El movimiento ciudadano: civil, estratégico y conocido popularmente con el nombre de El Plantón.

Duró varios días, hubo de todo.

Según muchos medios de comunicación un 65 por ciento de oposición ciudadana a los resultados electorales en la capital del país: Esto son alrededor de 16 millones de personas.

16000000

Dieciséis

Millones

De

Personas

Una corriente insólita de esperanza.

Photo: Credit.
Felipe Calderón
Gobierno Federal (photostream)

Murales a Emiliano Zapata, actividades infantiles, educación contra el machismo, globos inflados en los que se leía: Huelga de hambre, Revolución, Por México. Caminatas de comunidades indígenas que apoyaban el movimiento opositor igual que antes, apenas doce años antes, miles y miles de jóvenes de la ciudad habían apoyado el alzamiento zapatista en Chiapas.

Hombres y mujeres sentados en una avenida de seis carriles para coches, dibujos hechos con tiza en las aceras, grafiteros que nos recordaban: “Lee, piensa y actúa” con plantillas que reproducían por toda la ciudad.

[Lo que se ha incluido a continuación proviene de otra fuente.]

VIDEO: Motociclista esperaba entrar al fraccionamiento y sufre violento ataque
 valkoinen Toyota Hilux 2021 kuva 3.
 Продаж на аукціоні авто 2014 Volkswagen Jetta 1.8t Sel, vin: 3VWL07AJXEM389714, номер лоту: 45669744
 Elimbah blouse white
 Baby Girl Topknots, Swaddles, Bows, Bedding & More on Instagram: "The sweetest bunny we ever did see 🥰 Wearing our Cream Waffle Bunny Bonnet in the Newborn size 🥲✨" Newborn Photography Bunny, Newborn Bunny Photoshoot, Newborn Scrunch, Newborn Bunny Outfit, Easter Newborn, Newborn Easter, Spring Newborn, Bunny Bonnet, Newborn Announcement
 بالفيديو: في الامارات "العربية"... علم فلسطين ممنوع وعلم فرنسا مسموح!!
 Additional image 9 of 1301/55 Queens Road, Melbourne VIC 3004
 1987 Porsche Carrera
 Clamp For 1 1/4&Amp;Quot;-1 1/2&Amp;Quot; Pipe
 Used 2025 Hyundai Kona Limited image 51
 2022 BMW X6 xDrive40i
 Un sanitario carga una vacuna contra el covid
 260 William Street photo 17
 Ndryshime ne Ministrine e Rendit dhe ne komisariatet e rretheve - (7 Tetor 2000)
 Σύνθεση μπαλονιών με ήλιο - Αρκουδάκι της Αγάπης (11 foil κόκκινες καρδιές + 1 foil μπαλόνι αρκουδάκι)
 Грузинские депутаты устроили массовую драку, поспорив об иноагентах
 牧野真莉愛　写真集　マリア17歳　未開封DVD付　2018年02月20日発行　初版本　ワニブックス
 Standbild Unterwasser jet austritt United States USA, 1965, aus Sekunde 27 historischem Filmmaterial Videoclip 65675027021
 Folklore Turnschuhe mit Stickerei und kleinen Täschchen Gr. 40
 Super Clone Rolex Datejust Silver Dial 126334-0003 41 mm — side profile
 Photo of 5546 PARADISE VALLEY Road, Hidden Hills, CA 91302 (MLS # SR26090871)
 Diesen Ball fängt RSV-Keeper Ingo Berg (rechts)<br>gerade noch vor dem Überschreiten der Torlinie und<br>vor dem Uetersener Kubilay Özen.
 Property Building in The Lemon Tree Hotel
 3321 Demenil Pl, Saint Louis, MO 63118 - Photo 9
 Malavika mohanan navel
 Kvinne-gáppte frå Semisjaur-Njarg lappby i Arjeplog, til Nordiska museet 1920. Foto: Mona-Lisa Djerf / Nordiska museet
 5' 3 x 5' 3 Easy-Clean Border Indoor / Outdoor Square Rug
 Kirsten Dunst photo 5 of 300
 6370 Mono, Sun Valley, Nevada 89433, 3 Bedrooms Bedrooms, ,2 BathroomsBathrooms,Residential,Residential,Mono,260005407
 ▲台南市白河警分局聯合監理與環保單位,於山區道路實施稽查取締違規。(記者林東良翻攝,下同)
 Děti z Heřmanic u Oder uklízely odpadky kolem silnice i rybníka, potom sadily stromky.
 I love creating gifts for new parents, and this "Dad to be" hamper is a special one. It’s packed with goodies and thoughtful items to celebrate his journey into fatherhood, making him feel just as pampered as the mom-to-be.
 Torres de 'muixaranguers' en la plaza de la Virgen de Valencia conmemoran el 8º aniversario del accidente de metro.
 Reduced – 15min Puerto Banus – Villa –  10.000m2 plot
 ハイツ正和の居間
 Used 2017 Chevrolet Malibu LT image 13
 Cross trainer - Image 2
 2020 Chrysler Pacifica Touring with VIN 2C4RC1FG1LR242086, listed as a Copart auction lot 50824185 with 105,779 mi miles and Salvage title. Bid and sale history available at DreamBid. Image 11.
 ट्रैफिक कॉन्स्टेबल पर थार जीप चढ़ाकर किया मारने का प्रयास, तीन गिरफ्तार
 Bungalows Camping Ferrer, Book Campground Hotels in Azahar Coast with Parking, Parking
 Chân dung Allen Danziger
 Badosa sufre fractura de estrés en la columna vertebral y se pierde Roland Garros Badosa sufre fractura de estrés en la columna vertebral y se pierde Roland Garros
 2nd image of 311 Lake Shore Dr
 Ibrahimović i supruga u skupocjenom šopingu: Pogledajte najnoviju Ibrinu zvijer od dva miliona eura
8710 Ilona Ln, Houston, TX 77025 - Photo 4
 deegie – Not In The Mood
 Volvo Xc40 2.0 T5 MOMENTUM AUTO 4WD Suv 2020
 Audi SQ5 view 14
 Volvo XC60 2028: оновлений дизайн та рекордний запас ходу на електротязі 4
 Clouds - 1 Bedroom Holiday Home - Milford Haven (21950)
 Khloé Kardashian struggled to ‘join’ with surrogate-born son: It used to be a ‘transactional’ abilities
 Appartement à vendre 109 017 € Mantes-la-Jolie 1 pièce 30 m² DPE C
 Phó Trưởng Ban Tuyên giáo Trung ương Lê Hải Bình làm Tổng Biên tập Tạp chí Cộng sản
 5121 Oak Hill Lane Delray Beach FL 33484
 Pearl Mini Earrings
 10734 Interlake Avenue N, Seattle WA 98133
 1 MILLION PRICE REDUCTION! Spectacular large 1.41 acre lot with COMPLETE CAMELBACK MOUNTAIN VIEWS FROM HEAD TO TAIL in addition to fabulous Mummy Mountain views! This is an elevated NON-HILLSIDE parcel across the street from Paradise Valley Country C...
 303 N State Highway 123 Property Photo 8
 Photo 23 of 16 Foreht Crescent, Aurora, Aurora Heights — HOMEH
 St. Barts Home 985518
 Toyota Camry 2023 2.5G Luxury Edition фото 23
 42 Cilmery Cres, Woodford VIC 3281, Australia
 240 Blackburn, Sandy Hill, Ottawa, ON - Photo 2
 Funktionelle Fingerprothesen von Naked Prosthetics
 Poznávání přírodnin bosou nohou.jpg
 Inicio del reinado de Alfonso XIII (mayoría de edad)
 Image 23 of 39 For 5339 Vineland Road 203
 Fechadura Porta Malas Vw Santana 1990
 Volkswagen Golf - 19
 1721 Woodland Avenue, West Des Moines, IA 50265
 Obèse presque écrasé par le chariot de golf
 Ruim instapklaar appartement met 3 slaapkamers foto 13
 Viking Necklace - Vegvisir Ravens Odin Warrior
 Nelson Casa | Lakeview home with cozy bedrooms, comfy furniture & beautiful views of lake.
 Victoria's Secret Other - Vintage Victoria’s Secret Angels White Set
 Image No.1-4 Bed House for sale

Hubo capitalinos y también gente que vino de las provincias para apoyar El Plantón.

Hubo hombres con sombrero, mujeres vestidas a la usanza tradicional, chicas jóvenes enseñando el ombligo, adolescentes con los pantalones tres dedos más abajo de la cintura, estudiantes escondidos tras un tapabocas improvisado con pañuelos, abuelas de todos nosotros que repartían tortas y tacos de canasta y frijoles de olla y fruta y salsa roja y salsa verde y salsa de chile de árbol

y trabajadores durmiendo sobre cartones

y maestros universitarios acampados hablando con sus conciudadanos,

niños que repartían flores de papel,

pasiones, recuerdos, noches:

algunos manifestantes preparaban atole y chocolate caliente o escuchaban música o se reunían a hablar o jugaban a los dados, al dominó, a las cartas y finalmente se dormían. Y entonces: el nervio tenso que es la Avenida Reforma de la Ciudad de México quedaba, casi milagrosamente, en silencio. Aparentemente en reposo: un día más–La larguísima avenida cortada: sin coches, taxis, autobuses, patrullas, peseras, gente en bicicleta, caminando, corriendo o paseando que no formara parte de aquel movimiento civil, inesperadamente pacífico y esperanzado que todavía duró un par de semanas.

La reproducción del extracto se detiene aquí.